И распустившихся каштанов аромат
Вдохнешь, услышишь смех и говор беззаботный,
И женское лицо с улыбкой мимолетной
Увидишь издали, и снова, жизнь любя,
Невольно радостным почувствуешь себя,
И горько вспоминать о северной отчизне…
Какой здесь блеск кругом, какая радость жизни!
Когда передо мной весельем ты гремишь,
На солнце утреннем сияющий Париж,
Я счастлив за тебя, и чуждого народа
Волнует душу мне и радует свобода.
Какая бы печаль ни мучила, грозя —
Здесь, в этом городе, несчастным быть нельзя.
Но поздно вечером в мой уголок безмолвный
Я с шумной улицы вернусь, раздумья полный.
Тогда Евангелье читаю в тишине,
Меж тем как из окна доносится ко мне,
Париж недремлющий, твой шум многоголосый.
Над книгой вечною забытые вопросы
Опять встают в душе: земная жизнь людей
Полна величия, но есть ли правда в ней?
Я постигаю вновь твой смысл необычайный,
О притча древняя, исполненная тайной:
На ниве богача был урожай хлебов.
Он думал: ‘Некуда собрать моих плодов.
Как приготовить дом к такому урожаю?
А вот что сделаю: все житницы сломаю,
Большие выстрою и соберу туда
Мой хлеб, мое добро, и я скажу тогда
Душе моей: душа! простись навек с тревогой,
Покойся, — у тебя лежит именья много,
На годы многие: гони заботы прочь,
Ешь, пей и веселись!..’ — ‘Безумец, в эту ночь
Отнимут жизнь твою!.. — сказал Господь. — Несчастный,
Кому достанутся твой дом и труд напрасный?’
Столица роскоши, на празднике твоем
Я вижу иногда рабочего с лицом,
Исполненным немой, загадочною думой.
Проходит он, как тень, безмолвный и угрюмый,
Со взором пристальным завистливых очей…
О, гость непрошеный на пире богачей,
Мне страшно при тебе за этот праздник вечный,
За легкую толпу, за смех ее беспечный,
За яркие кафе и величавый ряд
Твоих, о Новый Рим, блистательных громад!

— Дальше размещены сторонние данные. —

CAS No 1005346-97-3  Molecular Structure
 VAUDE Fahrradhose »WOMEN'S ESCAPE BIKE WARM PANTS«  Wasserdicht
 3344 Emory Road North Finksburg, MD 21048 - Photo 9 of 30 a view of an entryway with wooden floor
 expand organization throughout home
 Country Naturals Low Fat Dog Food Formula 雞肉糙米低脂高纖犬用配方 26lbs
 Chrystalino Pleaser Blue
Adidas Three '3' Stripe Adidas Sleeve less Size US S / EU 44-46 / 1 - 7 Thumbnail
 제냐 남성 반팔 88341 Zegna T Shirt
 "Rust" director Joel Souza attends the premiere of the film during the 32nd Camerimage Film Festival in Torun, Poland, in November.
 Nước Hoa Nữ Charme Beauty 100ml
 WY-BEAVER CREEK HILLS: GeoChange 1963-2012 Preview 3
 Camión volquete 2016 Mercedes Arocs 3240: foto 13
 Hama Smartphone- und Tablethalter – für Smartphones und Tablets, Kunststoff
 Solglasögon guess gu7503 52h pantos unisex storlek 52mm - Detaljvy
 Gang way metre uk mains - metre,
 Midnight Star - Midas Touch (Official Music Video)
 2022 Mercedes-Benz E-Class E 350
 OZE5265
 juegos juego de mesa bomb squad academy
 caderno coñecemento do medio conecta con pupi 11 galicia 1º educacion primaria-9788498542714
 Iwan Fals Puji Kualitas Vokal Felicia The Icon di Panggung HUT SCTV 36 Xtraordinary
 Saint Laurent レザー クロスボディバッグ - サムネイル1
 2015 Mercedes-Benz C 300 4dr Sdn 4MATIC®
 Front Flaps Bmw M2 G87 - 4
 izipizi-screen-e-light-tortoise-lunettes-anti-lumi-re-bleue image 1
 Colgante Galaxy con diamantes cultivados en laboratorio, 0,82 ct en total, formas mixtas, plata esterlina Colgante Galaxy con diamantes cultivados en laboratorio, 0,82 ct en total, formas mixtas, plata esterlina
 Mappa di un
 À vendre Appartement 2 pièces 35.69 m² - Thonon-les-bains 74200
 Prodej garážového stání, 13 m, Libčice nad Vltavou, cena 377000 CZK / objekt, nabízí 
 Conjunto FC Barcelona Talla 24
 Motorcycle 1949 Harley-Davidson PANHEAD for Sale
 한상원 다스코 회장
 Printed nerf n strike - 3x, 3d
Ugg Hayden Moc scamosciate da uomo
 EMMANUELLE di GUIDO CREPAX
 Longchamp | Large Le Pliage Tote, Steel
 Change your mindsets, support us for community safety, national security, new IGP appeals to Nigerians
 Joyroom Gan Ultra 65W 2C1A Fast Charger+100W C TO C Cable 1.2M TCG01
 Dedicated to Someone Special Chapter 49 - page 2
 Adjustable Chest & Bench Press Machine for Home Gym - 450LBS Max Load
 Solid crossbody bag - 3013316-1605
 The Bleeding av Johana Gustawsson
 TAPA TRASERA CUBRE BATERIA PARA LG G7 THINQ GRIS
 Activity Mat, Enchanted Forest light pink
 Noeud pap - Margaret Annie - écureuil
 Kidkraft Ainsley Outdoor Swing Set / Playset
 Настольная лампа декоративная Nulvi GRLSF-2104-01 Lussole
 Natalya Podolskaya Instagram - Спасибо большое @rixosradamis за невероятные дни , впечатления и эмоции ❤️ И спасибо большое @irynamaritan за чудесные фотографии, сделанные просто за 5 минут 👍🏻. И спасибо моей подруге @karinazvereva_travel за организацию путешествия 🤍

Ты, как богач, сказал: ‘У нас именья много,
Ешь, пей и веселись!’ И ты забыл про Бога,
Но скорбь великая растет в душе у всех…
Надолго ль этот пир, надолго ль этот смех?
Каким путем, куда идешь ты, век железный?
Иль больше цели нет, и ты висишь над бездной?
II
‘Grille-d’-Egout’1
Сюда идет тайком скучающий любовник,
Художник и турист, писатель и чиновник:
‘Garon, un bock!’2 И пьют, и курят за пять су,
Любуются в монокль на томную красу
Полуночных сильфид, внимая шансонетке,
Где блещет стих порой, язвительный и меткий…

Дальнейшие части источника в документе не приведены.